- YOUR ASSIGNMENT
Please print exactly the lines from the line containing "Convite Par Tee" through the end of the data, no more, and keep pictures out of the copy.

- AVAILABLE DATA
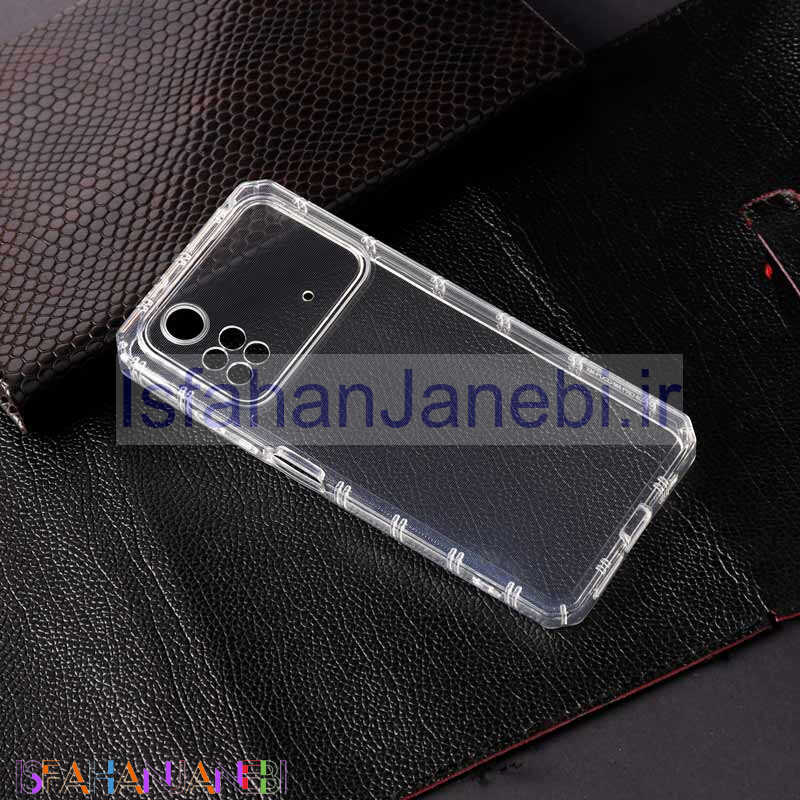اصفهان جانبی-قاب ژله ای ضربه گیر بی رنگ محافظ لنزدار Xiaomi Poco M4 Pro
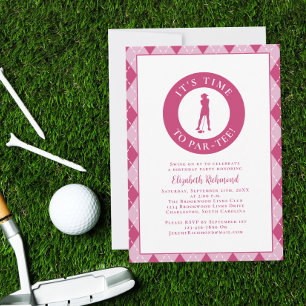 Convite Par Tee Golfer Humor Divertido Aniversário Festa R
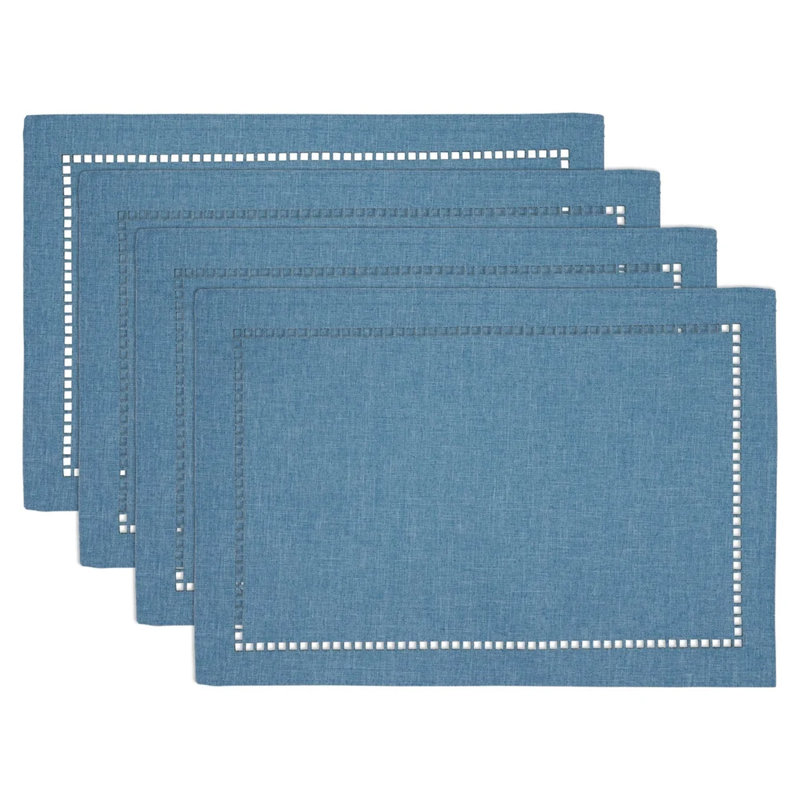 Leiker Polyester Rectangle Placemat, Denim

- EXERCISE SOLUTION
 Convite Par Tee Golfer Humor Divertido Aniversário Festa R
 Leiker Polyester Rectangle Placemat, Denim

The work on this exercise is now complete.